The figures were presented to the Legislative Chamber of the Oliy Majlis by deputies and representatives of the Ministry of Higher Education, Science and Innovation. Against a planned 12,215 beds across PPP-financed dormitory projects, 20 facilities were actually commissioned — a delivery rate of approximately 90.7%.
First Deputy Minister of Higher Education, Science and Innovation Sardor Rajabov was direct in ruling out budget shortfalls as the cause of the gap. "The implementation of projects is not related to a lack of budget funds, since construction is carried out by entrepreneurs under PPP arrangements," he told lawmakers. Six dormitories accounting for 5,900 beds were rolled over to 2026, with Rajabov indicating they remain on track for completion before the start of the next academic year.
Deputy Prime Minister and Minister of Economy and Finance Jamshid Kuchkarov used the discussion to press a broader governance point, emphasising the need for a target indicator system to measure state agency performance — one that evaluates outcomes achieved, not merely funds spent.
Kuchkarov characterised the PPP dormitory programme as producing positive results overall, attributing delays on specific facilities to adjustments within projects being co-implemented with the European Bank for Reconstruction and Development.
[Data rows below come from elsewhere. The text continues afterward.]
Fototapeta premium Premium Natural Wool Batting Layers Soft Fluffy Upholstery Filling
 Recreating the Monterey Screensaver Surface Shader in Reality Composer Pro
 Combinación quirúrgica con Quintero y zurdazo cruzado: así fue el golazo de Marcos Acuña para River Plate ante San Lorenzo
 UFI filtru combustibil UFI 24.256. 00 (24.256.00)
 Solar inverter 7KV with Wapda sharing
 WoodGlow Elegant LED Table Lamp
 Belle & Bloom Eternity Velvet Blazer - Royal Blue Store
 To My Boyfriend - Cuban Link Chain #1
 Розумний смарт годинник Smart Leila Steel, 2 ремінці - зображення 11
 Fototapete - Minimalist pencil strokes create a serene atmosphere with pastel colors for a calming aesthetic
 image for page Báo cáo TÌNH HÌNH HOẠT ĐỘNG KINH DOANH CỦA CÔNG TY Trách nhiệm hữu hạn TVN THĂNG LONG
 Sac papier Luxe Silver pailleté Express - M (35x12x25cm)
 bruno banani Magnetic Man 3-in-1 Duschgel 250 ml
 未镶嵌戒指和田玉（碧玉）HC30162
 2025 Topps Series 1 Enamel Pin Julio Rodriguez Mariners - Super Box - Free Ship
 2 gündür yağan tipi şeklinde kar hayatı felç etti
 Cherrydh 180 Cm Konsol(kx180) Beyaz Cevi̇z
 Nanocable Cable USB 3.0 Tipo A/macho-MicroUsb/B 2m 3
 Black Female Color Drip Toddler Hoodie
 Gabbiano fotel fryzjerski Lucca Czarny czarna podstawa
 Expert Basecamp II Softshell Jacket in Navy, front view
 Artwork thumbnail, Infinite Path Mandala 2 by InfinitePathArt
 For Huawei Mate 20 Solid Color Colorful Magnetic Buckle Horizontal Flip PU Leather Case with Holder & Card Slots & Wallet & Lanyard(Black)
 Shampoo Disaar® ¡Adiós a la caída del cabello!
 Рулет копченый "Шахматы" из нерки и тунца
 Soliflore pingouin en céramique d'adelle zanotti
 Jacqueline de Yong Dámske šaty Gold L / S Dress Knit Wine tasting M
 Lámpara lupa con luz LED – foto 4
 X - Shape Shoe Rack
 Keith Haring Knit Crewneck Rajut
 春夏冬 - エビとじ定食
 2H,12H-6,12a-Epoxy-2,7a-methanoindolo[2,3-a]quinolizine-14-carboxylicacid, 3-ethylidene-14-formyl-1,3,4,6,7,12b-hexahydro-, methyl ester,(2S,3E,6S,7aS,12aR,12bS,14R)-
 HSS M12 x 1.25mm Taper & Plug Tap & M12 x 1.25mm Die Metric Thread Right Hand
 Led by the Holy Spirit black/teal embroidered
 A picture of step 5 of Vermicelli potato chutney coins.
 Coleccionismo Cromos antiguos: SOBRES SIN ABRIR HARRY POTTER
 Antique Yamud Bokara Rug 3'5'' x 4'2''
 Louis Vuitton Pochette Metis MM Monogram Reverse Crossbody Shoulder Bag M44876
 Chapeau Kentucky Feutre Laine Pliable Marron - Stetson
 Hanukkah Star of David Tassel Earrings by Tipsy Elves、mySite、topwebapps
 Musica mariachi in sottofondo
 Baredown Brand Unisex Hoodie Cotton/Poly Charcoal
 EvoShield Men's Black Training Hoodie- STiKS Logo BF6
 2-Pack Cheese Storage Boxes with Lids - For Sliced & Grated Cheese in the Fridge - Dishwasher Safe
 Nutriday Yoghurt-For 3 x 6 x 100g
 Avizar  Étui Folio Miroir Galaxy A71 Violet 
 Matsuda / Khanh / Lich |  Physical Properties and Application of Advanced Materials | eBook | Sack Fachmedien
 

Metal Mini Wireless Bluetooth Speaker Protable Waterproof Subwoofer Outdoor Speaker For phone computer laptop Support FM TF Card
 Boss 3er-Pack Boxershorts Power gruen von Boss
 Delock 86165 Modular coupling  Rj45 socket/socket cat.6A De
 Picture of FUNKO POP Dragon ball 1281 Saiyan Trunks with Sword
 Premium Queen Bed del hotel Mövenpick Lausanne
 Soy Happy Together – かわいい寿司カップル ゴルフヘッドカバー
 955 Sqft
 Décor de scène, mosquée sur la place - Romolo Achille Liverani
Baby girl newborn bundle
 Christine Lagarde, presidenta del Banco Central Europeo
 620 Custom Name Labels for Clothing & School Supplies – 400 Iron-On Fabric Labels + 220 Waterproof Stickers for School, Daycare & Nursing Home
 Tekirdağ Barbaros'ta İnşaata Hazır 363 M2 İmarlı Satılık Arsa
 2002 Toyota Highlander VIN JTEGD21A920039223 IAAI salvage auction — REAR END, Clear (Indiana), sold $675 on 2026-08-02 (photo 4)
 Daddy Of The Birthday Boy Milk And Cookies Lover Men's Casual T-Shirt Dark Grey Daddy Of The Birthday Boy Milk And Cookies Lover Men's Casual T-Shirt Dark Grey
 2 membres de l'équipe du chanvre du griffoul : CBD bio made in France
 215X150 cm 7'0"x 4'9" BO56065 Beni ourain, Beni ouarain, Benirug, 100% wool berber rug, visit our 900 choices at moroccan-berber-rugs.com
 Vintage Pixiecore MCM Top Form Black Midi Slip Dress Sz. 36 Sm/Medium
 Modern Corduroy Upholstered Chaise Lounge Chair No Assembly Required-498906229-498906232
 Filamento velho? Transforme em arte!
He expressed confidence that outstanding targets would be met in 2026.
The Ministry of Economy and Finance reported that 276 billion soums were allocated to student dormitory construction in 2025. Looking further ahead, a long-term PPP programme involving international financial institutions envisages the construction of dormitories providing 17,000 beds in Tashkent alone — a figure that signals the scale of demand Uzbekistan's rapidly expanding higher education sector continues to generate.
The dormitory push comes against a backdrop of chronic student housing shortages in previous years, a gap that authorities are now narrowing through a combination of private capital, multilateral financing, and state budget allocations.